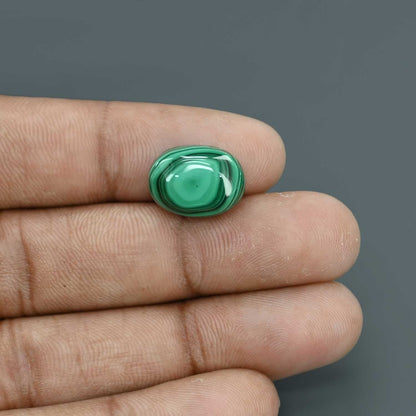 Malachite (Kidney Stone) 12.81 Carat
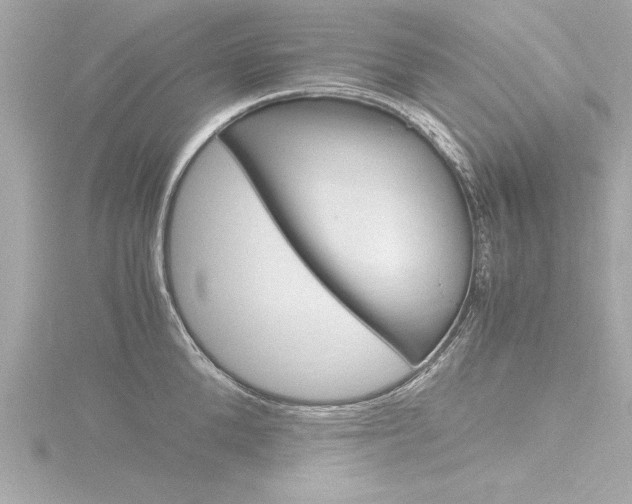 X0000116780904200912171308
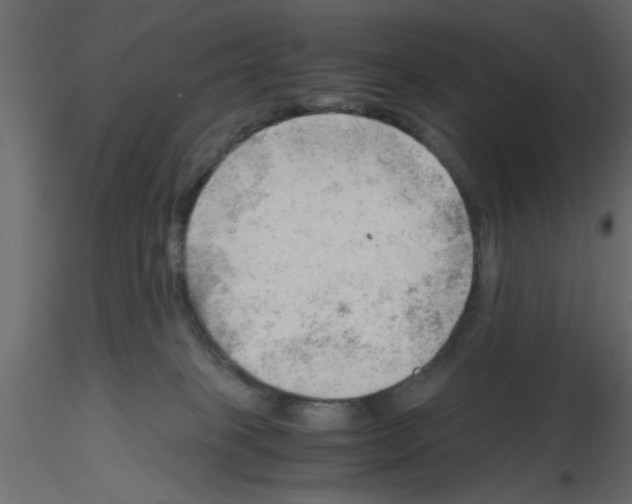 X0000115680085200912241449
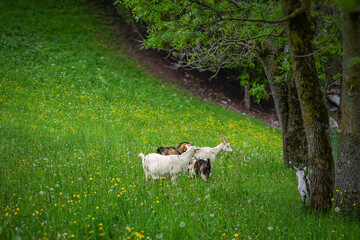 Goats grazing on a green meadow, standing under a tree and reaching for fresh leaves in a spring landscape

----------

• **Prompt**
Retype, exactly as written, each line from the one containing "X0000116780904200912171308" through the end of the data above, and leave out every picture.

• **Task result**
 X0000116780904200912171308
 X0000115680085200912241449
 Goats grazing on a green meadow, standing under a tree and reaching for fresh leaves in a spring landscape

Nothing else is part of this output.